Understand what "risk" means: that your investment might not make you money; or, that you could lose your initial investment, or some of the money it had previously made for you.
How much risk can you stomach? For those with little risk tolerance, money-market mutual funds offer far better returns than savings accounts or bank money-market deposit accounts. Move to equity funds, and the risk meter starts to rise. Balanced, flexible and asset-allocation funds are considered among the least risky because they invest in both stocks and bonds. Single-country, specialty and sector funds, such as Internet-only funds, are considered the most risky, because they invest in specific industries or regions of the world, and when the region or industry falls out of favor, so falls fund performance.
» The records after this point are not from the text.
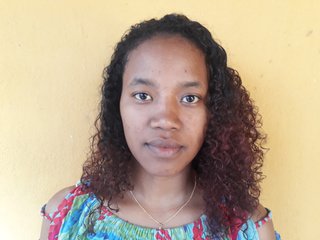 에로틱 한 영상 채팅 Angelita2001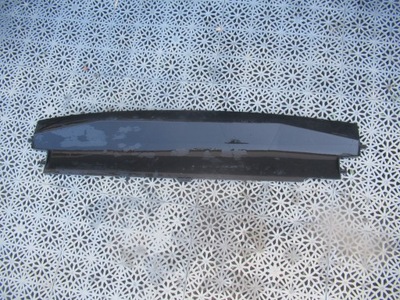 Повітропровід повітря skoda octavia ii фото №1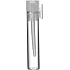 Hugo Boss Bottled On-The-Go toaletná voda pre mužov 1 ml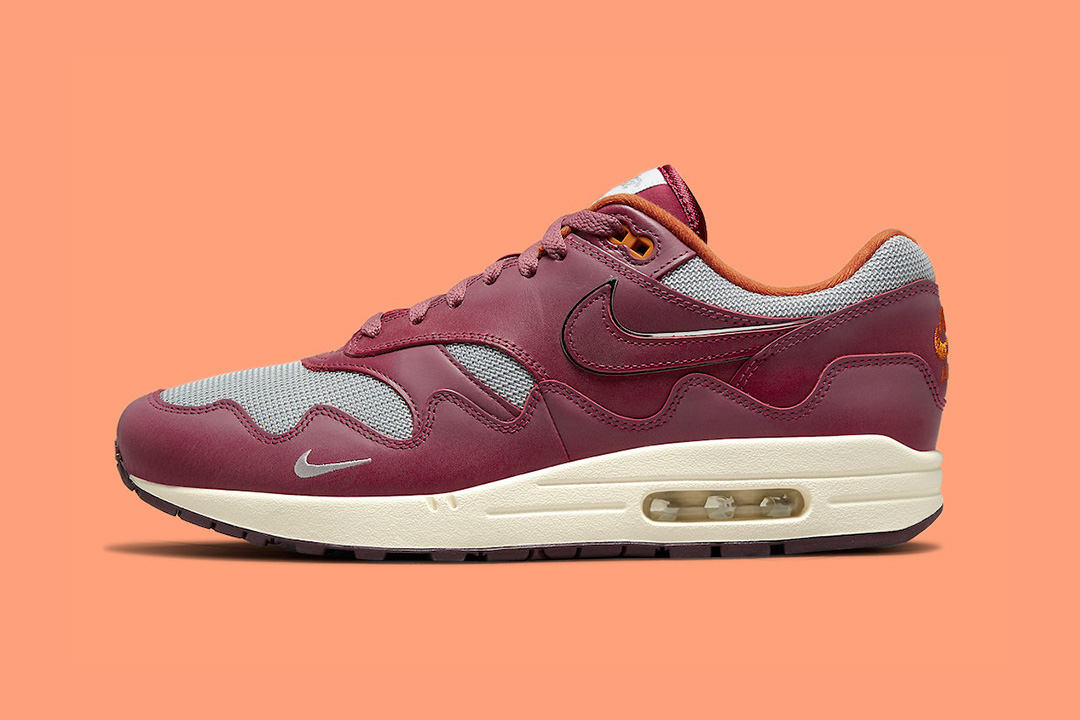 comprar air max 1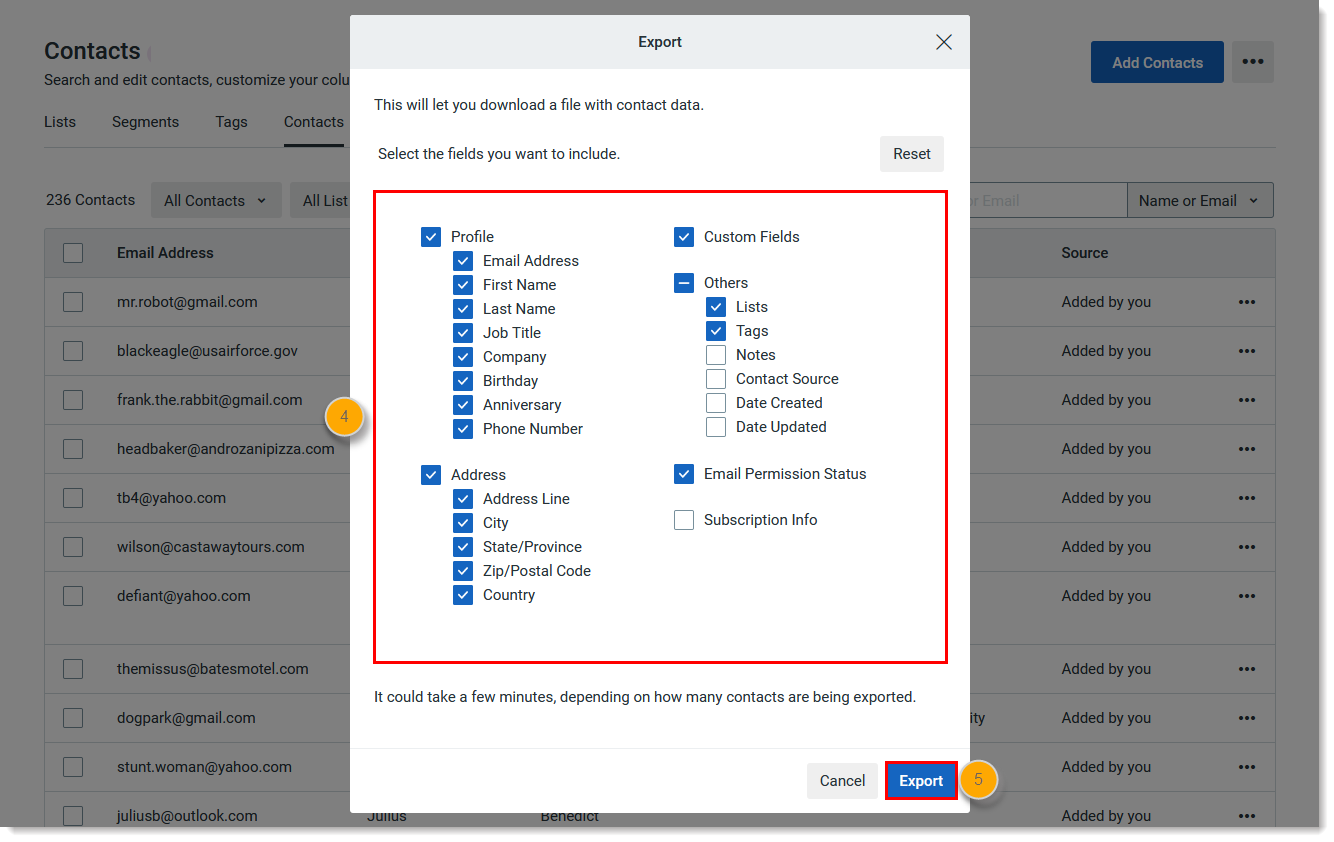 country state city list csv download option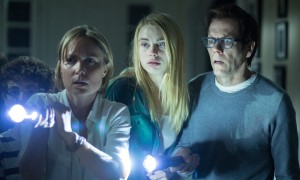 Xem Phim Bóng Đêm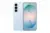 Samsung Galaxy S26+ Unlocked Smartphone – 12GB RAM, 256GB Storage for $899.99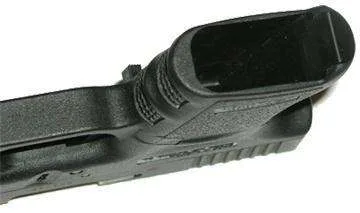 PEARCE GRIP FRAME INSERT GLOCK 36 - Image 2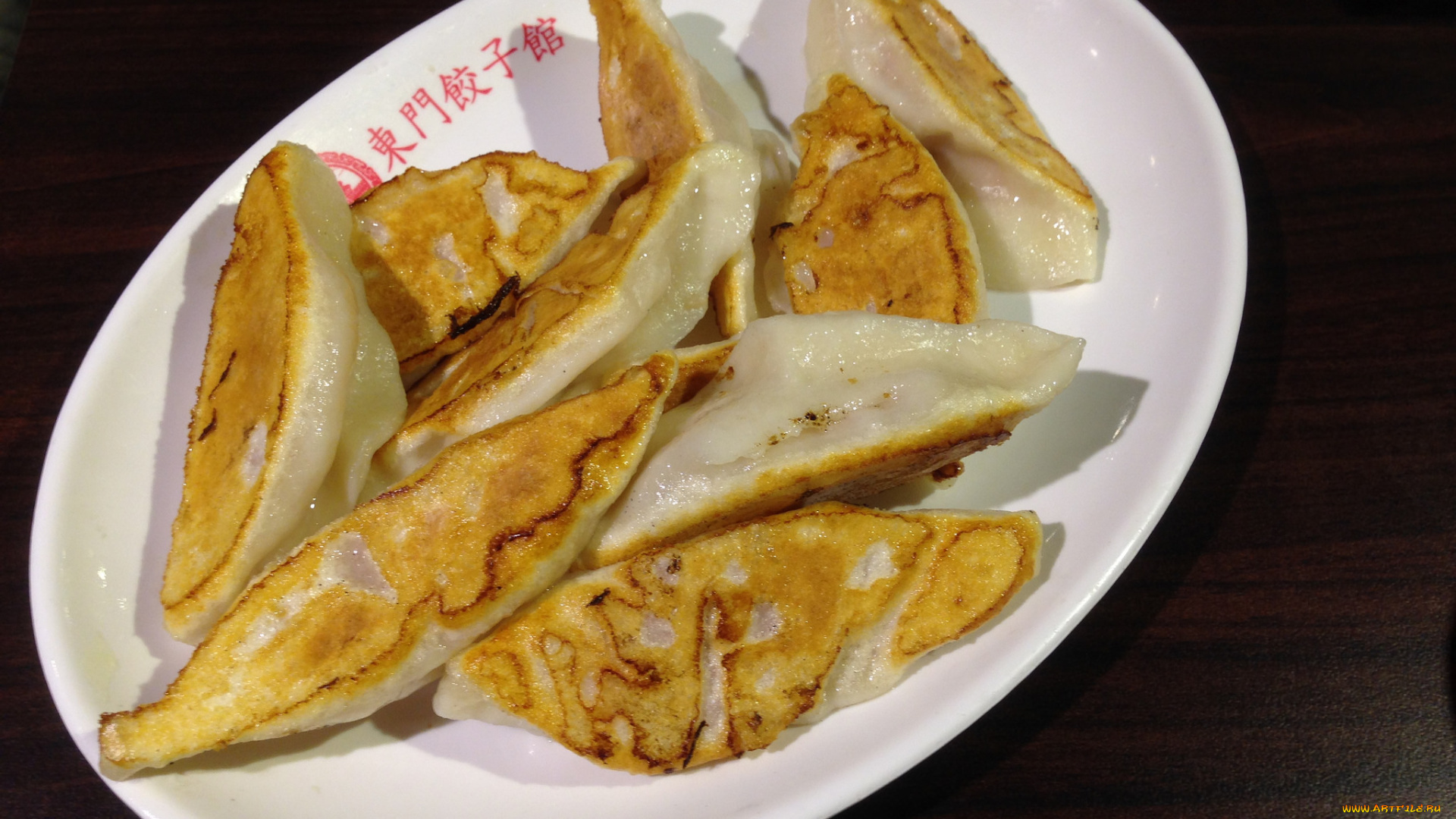 еда, пельмени, , манты, , вареники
"Bear Essentials: What to Do During Market Declines" is a brochure from The Forum for Investor Advice, a Bethesda, Maryland, nonprofit organization, that looks at market volatility and how to plan portfolios accordingly. Here are some highlights:
- Dow Jones Industrial Average (DJIA) declines of 15 percent or more typically occur about once every two years.
- On average, during the 20th century, the DJIA declined 5 percent or more three times each year.
- It can take months or years for the DJIA to recoup setbacks. The 1929 crash took 16 years. The 1987 crash took 23 months.
- Finally, and most important, diversified portfolios can cushion the blow of a bear market. In the bear market of 1973 to 1974, stock-only portfolios lost an average of 48 percent of their values. Portfolios of 60 percent stocks and 40 percent bonds lost an average of 29 percent.
The trick to becoming a satisfied, long-term mutual-fund investor is knowing how much risk you can comfortably take. Don't let market volatility scare you-use it as a way to gauge the mutual funds to which you're best-suited.